# Sometimes you take a great picture and you don't even know it...



## Xaios (Nov 6, 2008)

Okay, so, a buddy of mine got married in July. I had bought a camera a couple weeks earlier, just a little Canon Elph, just so I had SOMETHING to take pictures with.

So, at the reception (and plenty at the ceremony too), I'm fooling around with the camera, experiment with modes and whatnot, and low and behold, here's something cool to take a picture of! So, I did, then forgot about until earlier this week when I actually pulled the pictures off the camera. I was looking at all the pictures at their proper resolution, and this one really stood out...







This is shrunken, the original is 7 megapixels.

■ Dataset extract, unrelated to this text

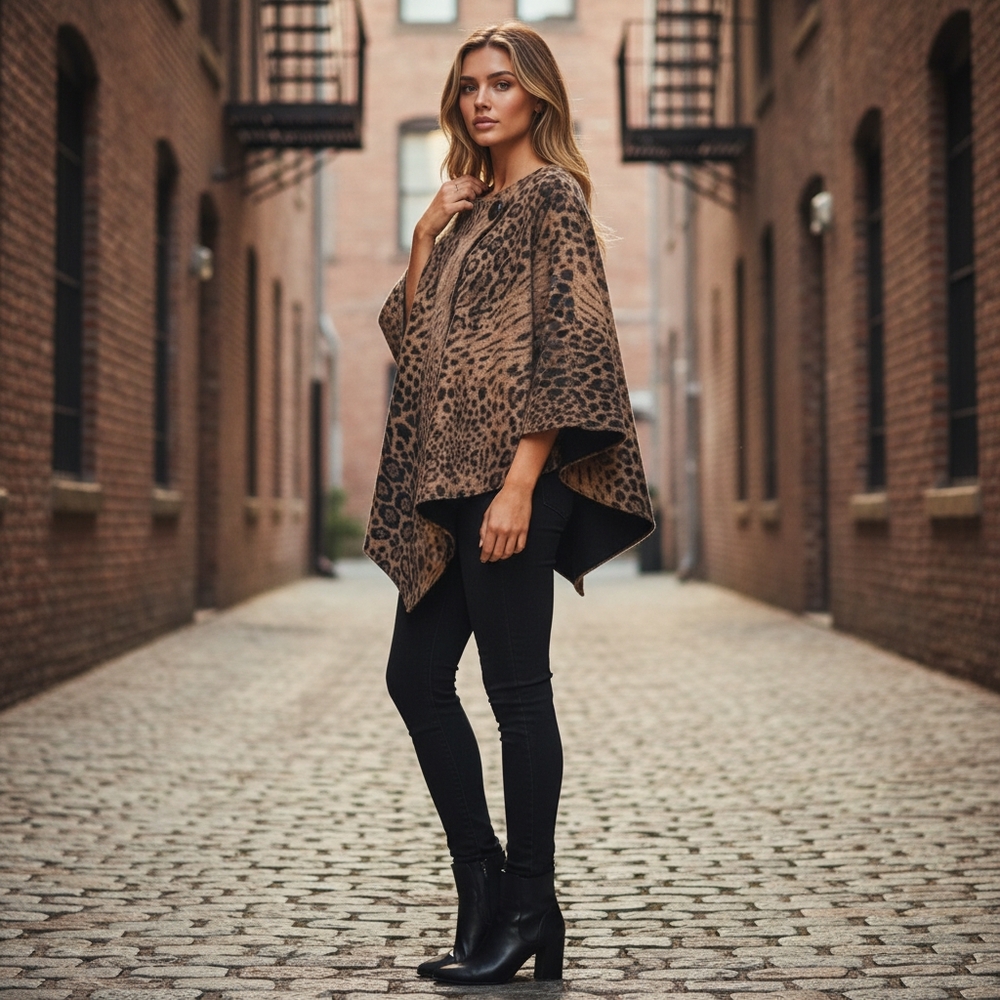 Leopard Print Poncho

However, that's all that was done, no adjustments of hue, saturation or brightness, no fancy photoshop filters (and believe me, I could if I wanted to). It's just stunning how cool this turned out so randomly.

Enyways, tell me what you think.


----------



## Mr. S (Nov 6, 2008)

Thats awesome man, great shot


----------



## eleven59 (Nov 6, 2008)

That looks amazing


----------



## OzzyC (Nov 6, 2008)

Find somewhere to host the full size.


----------



## Xaios (Nov 6, 2008)

OzzyC said:


> Find somewhere to host the full size.



Ah, the advantages of having my own domain with 300 gigs of storage space is that I can do it myself...

http://www.robmura.com/pics/peacockfeatherbig.jpg

It's amazing how much detail those suckers can pick up.


----------



## FortePenance (Dec 23, 2008)

Holy crap those colours are great.


----------



## budda (Dec 26, 2008)

im jealous. that looks fantastic.


----------